Cows, politics and the budget
From the lede of a story in Tuesday's paper:
REIDSVILLE - The doe-eyed black Angus cattle lounging under a stand of trees at a farm called the Upper Piedmont Research Station hardly look like the center of a political tug-of-war in Raleigh.The stations, 18 farms across the state, focus on issues such as growing drought-resistant corn and how best to fatten up heifers like those who sought shade here on Monday.
But a proposal by state senators to transfer management of the 18 research stations from the Department of Agriculture to N.C. State has sparked an argument involving land conservation, government efficiency and the state’s $20 billion budget.
Click here for the full story.
(Here's a shot of the afore mentioned cows by staff photog Nelson Kepley. Click to enlarge.)
As has been noted elsewhere (Asheville Citizen Times / Exile on Jones Street / The AP), the fate of the state's Agricultural Research Stations is at the center of political tussle in Raleigh.
The stations are essentially designed to take ideas developed in the lab and test them out in a farm environment. Right now, they are run by the Department of Agriculture, but a Senate budget proposal would shift them to the control of N.C. State.

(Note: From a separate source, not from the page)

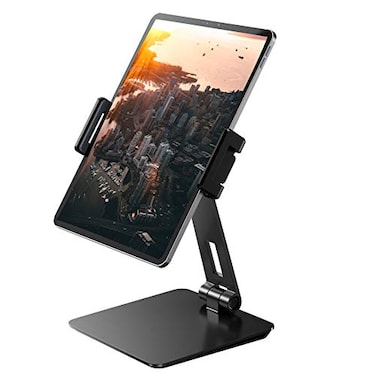 Maxonar iPad Stand Holder HeavyDuty Aluminum Alloy Tablet Stand 360 Swivel Foldable iPad Pro Air Charging Stand Holder for Desk Bed Store POS Showcase Reception Kitchen Office 613 Grey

As you might imagine, this has lead to some friction between the Ag Department at the university. And it has gotten caught up in state budget negotiations (you remember the state budget, which was due on July 1 but is still a work in progress). The Senate has proposed the switch as part of the budget, the House is pushing back against the idea.
Some linkage:
- Info on the stations from the Ag Department, including where they are in your neck of the woods and what they're studying. I visted the Upper Piedmont station Monday.

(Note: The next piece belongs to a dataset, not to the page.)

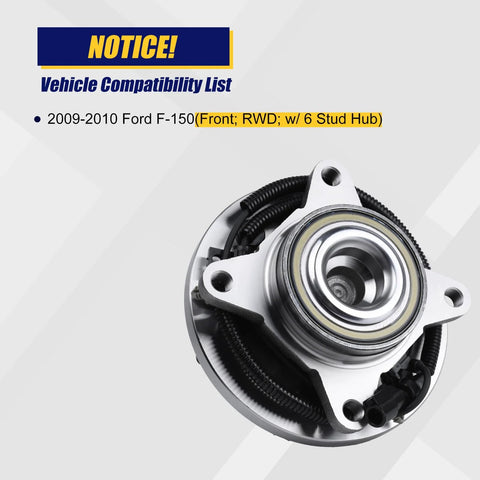 Front Wheel Bearing And Hub Assembly 2 Pack For 2009 2010 Ford F150 With 6 Lug ABS Direct Fit Replacement in package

- This is a memo from Senate President Pro Tempore's Marc Basnight's staff giving the rationale for the change.
- This is a letter Ag Commissioner Steve Troxler sent to others in the farm community last month outlining why he opposed the move.
- This is a letter Troxler sent to legislators on Monday.

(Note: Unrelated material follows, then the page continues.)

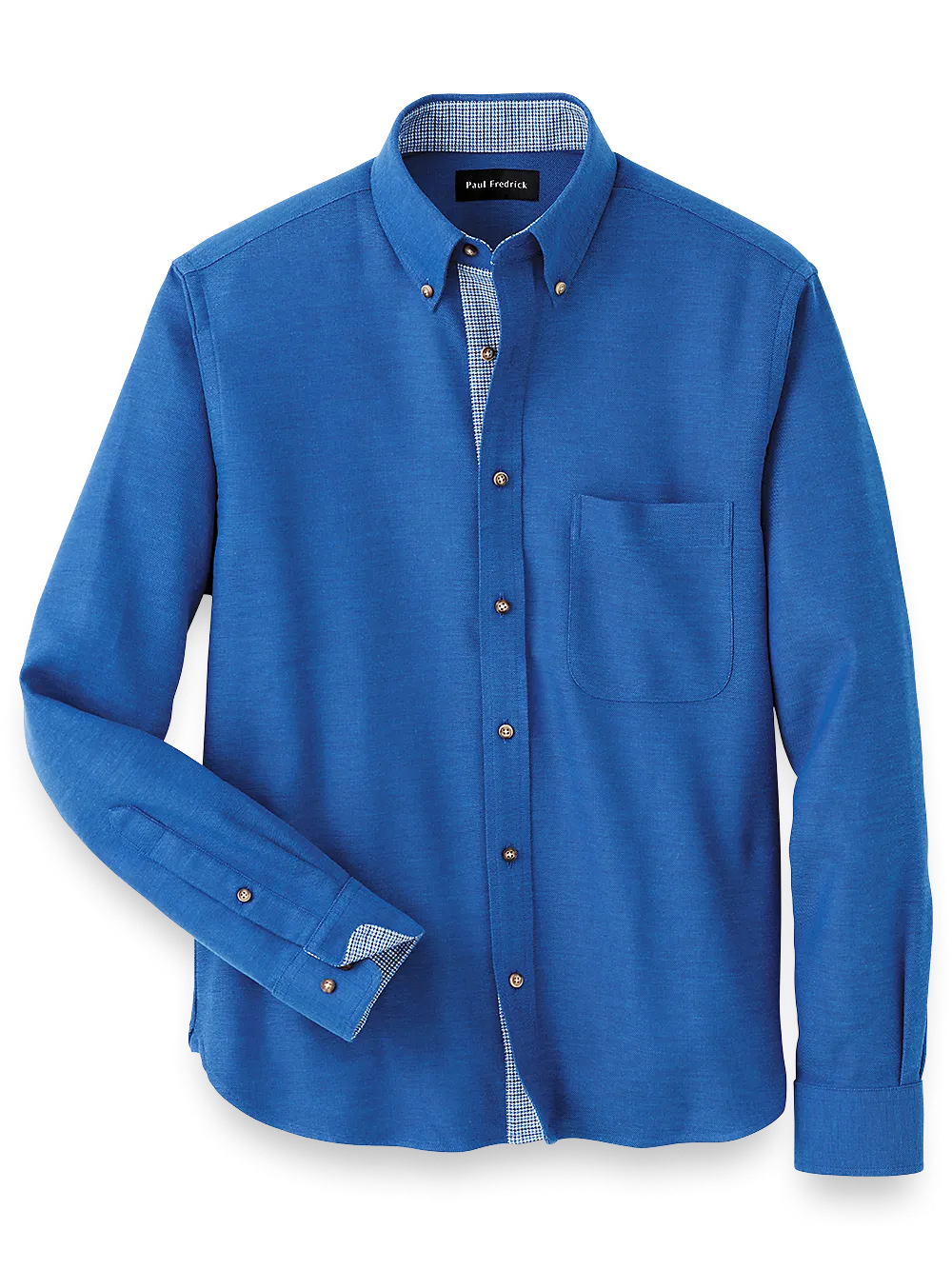 Brushed Twill Solid Casual Shirt With Contrast Trim - Cobalt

What's really going on here? Basically, various interests are running up against one another. None of them are acting completely irrationally, but when they marinate in a political stew they can get nasty. The scorecard so far:
- The Senate: Remember, the Senate budget proposal spent $300 million less that the House version in an effort to end two "temporary" taxes (the upper quarter percent of the sales and income taxes). To do that, they had (and have) a strong incentive to trim where they can, and as the above memo shows, they think they can get $2 million out of the transfer.
It's also worth pointing out that the Senate has long had a (deserved) reputation for responding to the requests and interests of the UNC system. Suffice it to say, they don't share the same type of relationship with the Department of Agriculture.
- The House: Budget writers over there seem to want to have a little more say in how the transfer goes down. Specifically, I think, they want to know how any of the land associated with the research farms will be divested.
Since Troxler has been in office, he says that Democrats and Republicans alike have been far more receptive to his department's agenda than the Senate.
- N.C. State, Steve Leath: I spoke with him for a while Monday morning. His pitch is that putting the farms under the university system only makes sense. He said that researchers would never work in labs that they don't control, yet they're force to cede control of projects to the Agriculture Department for crop research.
Basically, he's interested in having the farms do cutting-edge research and he thinks the relationship with the Ag Department gets in the way of that.
(I'll get to the selling of land thing in a second.)
By the way, a recent Dome item noted that Leath had just been promoted to "vice president for research of the 16-campus University of North Carolina system."
- The Department of Agriculture, Steve Troxler: Troxler makes a few arguments. The first is, don't mess what's worked for 70 years. (He says Leath doesn't know what he's talking about when he says research has been slowed down.) Secondly, he says the department provides an important counterweight to the university's research goals. Yes, cutting edge research is important, but Troxler says it has to be done in a way that translates into the farm work being done on family farms across the state.
Lastly, Troxler said that it makes no sense to line up prime farmland for development, especially when the state is looking for ways to buy up open space.
On that last point, Leath acknowledges that the university would likely divest itself of some of the land, using the profits to add to or build up other farms in the system. The university already owns some farms not in the research station fold, and you can well imagine some of those assets being shuffled about.
But, Leath says, nothing would happen without consulting the legislature, NCA&T and others.
Still, for a lot of folks, this potential sale of research station property may be where they begin to take a big interest in this story.